Outros sem maiores oportunidades foram o zagueiro Nicolás Spoli e o atacante Ezequiel Ponce, que só duraram na temporada 2015-16. Ela também marcou a chegada de Diego Perotti, inicialmente sob empréstimo do Genoa. Com passagens esporádicas pela seleção, Perotti tinha sobretudo anos de Sevilla, permeados com um semestre esquecível no Boca (onde seu pai havia brilhado como talismã na Libertadores) e deixou seu gol no 4-1 no clássico do returno, cavando uma compra em definitivo.
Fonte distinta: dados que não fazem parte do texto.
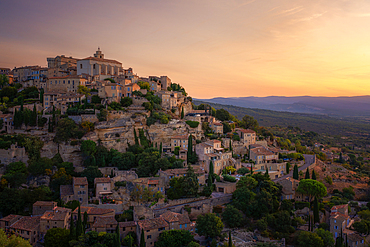 Hilltop village of Gordes at sunrise, Provence, Provence-Alpes-Cote d'Azur, France, Europe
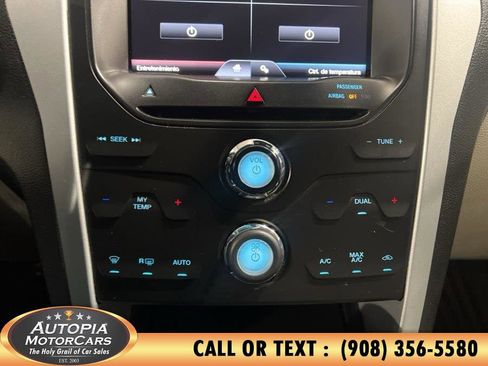 Used 2014 Ford Explorer XLT w/ Equipment Group 201A image 29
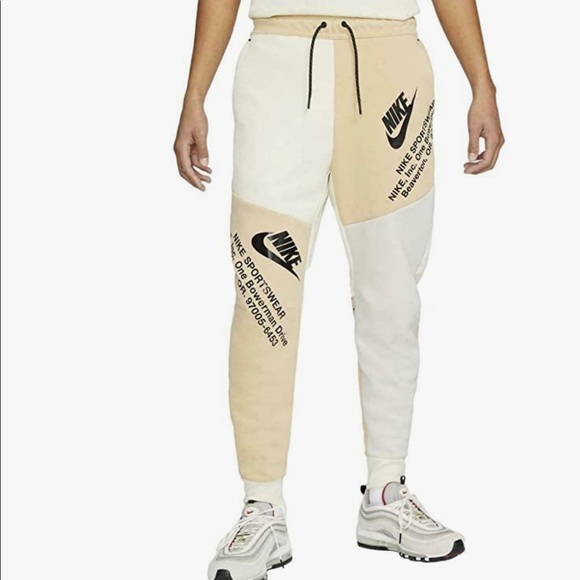 Nike Men’s Tech Fleece Jogger Sweatpants - New - Picture 1 of 7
Ex-colega de Perotti na Andaluzia, o zagueiro Federico Fazio veio na temporada 2016-17 após praticamente dez anos de sevillismo. A dupla, sobretudo o zagueiro, foi titular na campanha do vice-campeonato na Serie A e 2017-18 saboreou as semifinais da Liga dos Campeões, com direito a epopeia diante do Barcelona. O elenco ainda chegou a ter naquela temporada pré-Copa o lateral-esquerdo Jonathan Silva, emprestado pelo Sporting Lisboa e que passou despercebido.
Ao fim, Perotti deixou mesmo de ir pela terceira vez seguida a uma Copa, embora testado em amistosos (ele havia marcado outro gol no Derbi della Capitale, abrindo triunfo romanista por 2-1). Mas Fazio, ausente no Brasil e de três Copas América na década, garantiu-se na Rússia. A temporada 2018-19 viu Perotti começar a perder lugar também no clube (em 2020, terminaria vendido ao Fenerbahçe) e a chegada de Javier Pastore desde o Paris Saint-Germain. Tal como lá, El Flaco não chegou a retomar o protagonismo italiano dos tempos de Palermo, mas segue na capital junto de Fazio – embora a essa altura ambos sejam mais comuns no banco giallorosso. Até a chegada às semifinais da última Liga Europa, as temporadas recentes foram mornas, ainda que o zagueiro desfrutasse um gol de empate a quatro minutos do fim em clássico de 2019.